= Beginning of Section =
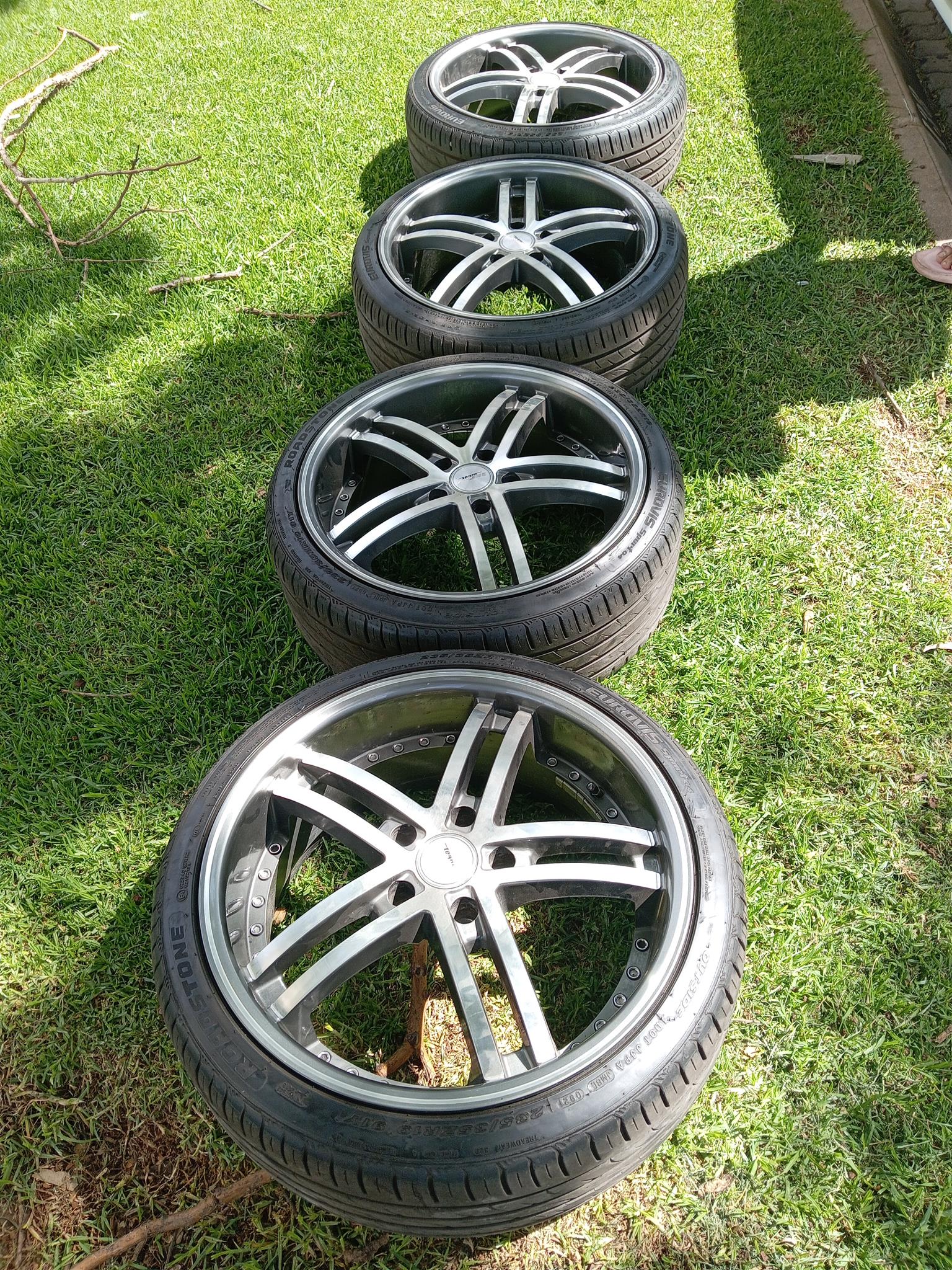 Rims set - Private Seller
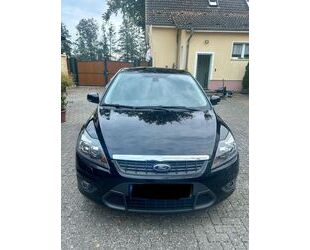 Ford Ford Focus 1,6 Titanium Titanium Gebrauchtwagen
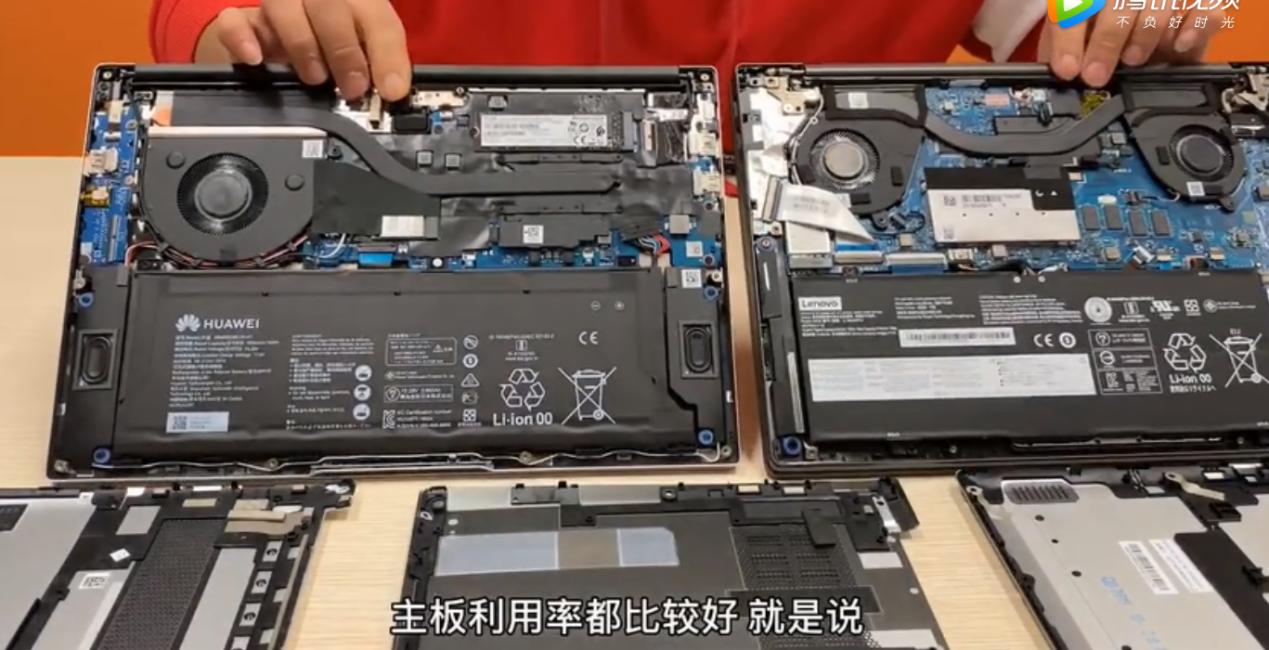 为了挑台合适的笔记本有多难？有人一口气拆了三台电脑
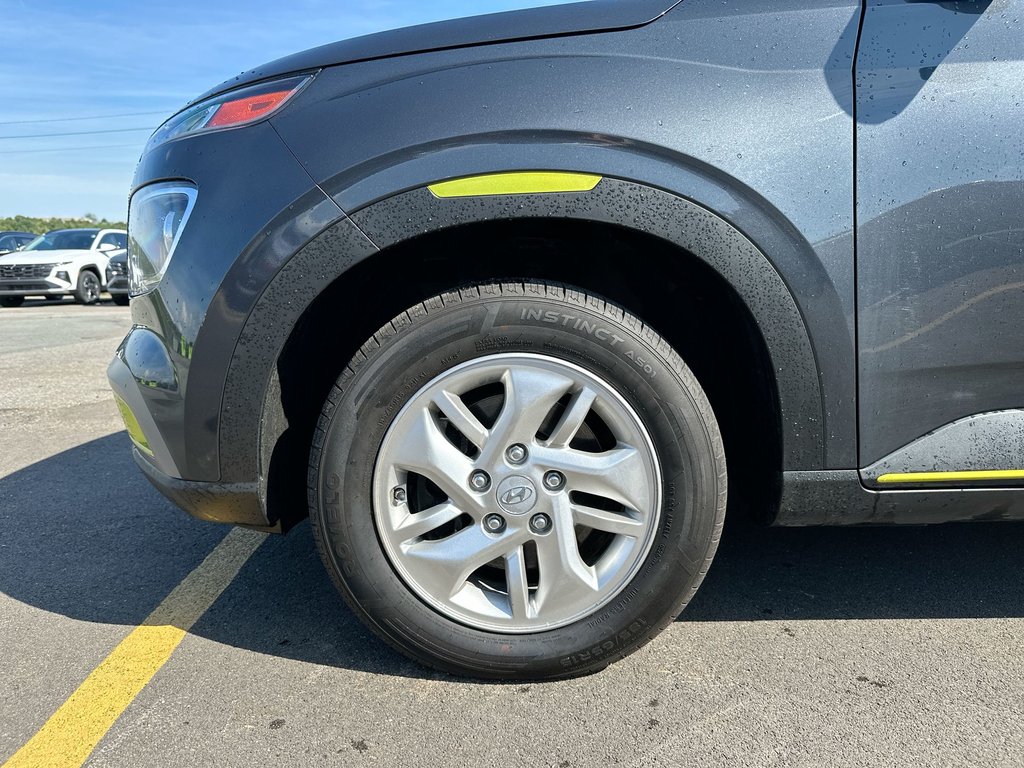 2021 Hyundai VENUE Preferred | Cam | RmtStart | HtdSeats | USB | Aux in Saint John, New Brunswick - 10 - w1024h768px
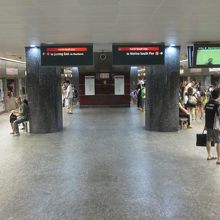 オーチャード駅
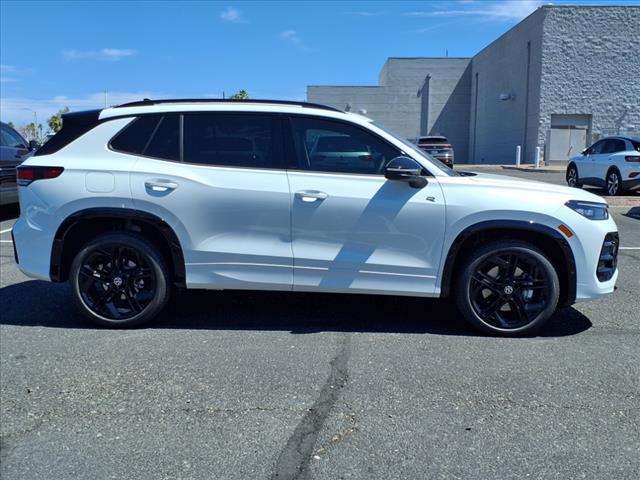 new 2025 Volkswagen Tiguan car, priced at $40,008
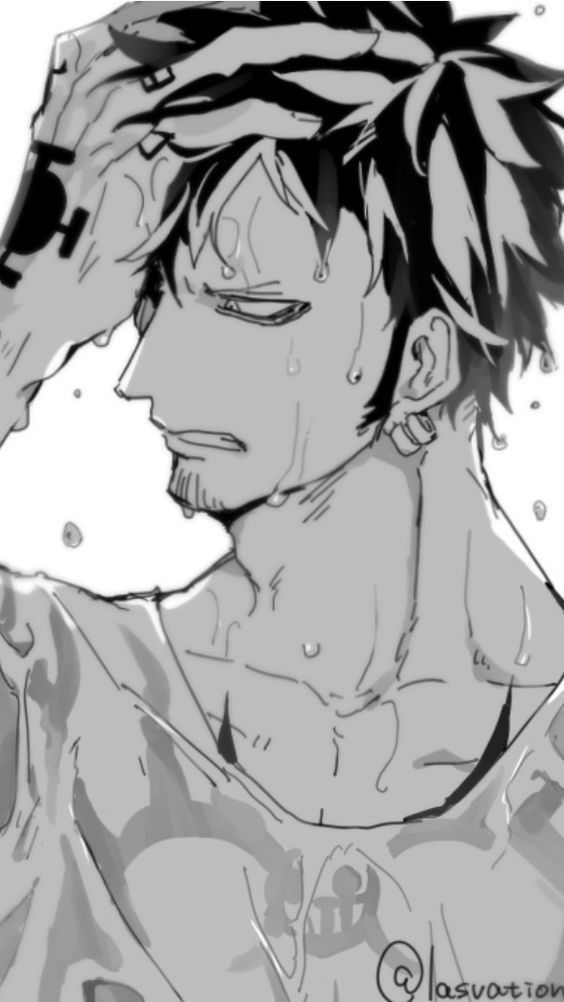 Avatar of Trafalgar d. Law
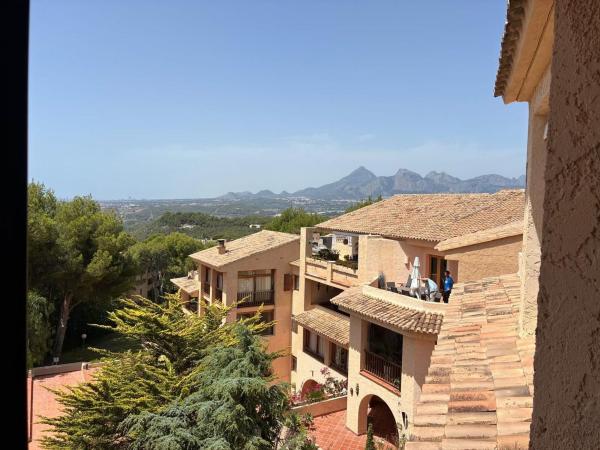 Penthouse for sale at Ático en Calle Circunvalación, Altea la Vella, Altea, Altea thumbnail 1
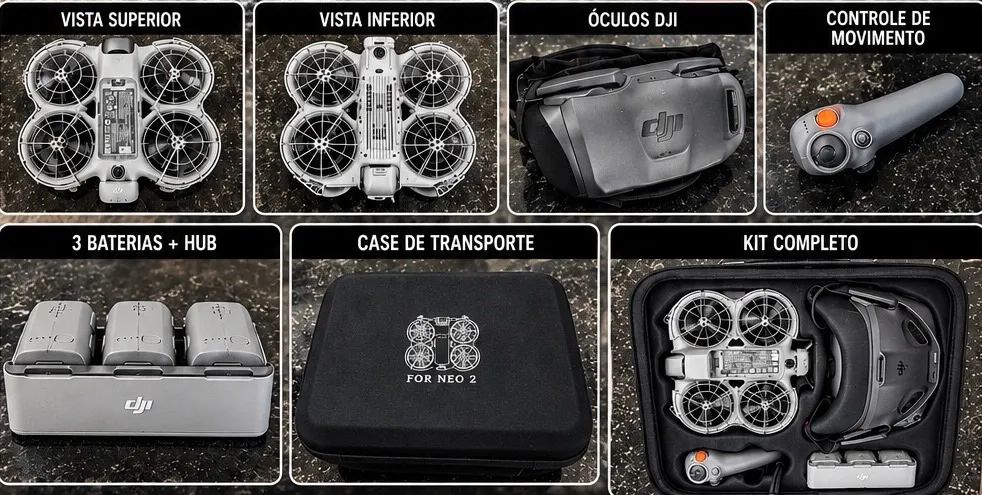 DJI NEO 2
= End of Section =
WHAT YOU SHOULD DO: The material above is to be transcribed exactly, with all pictures omitted.

WRITTEN ANSWER:
 Rims set - Private Seller
 Ford Ford Focus 1,6 Titanium Titanium Gebrauchtwagen
 为了挑台合适的笔记本有多难？有人一口气拆了三台电脑
 2021 Hyundai VENUE Preferred | Cam | RmtStart | HtdSeats | USB | Aux in Saint John, New Brunswick - 10 - w1024h768px
 オーチャード駅
 new 2025 Volkswagen Tiguan car, priced at $40,008
 Avatar of Trafalgar d. Law
 Penthouse for sale at Ático en Calle Circunvalación, Altea la Vella, Altea, Altea thumbnail 1
 DJI NEO 2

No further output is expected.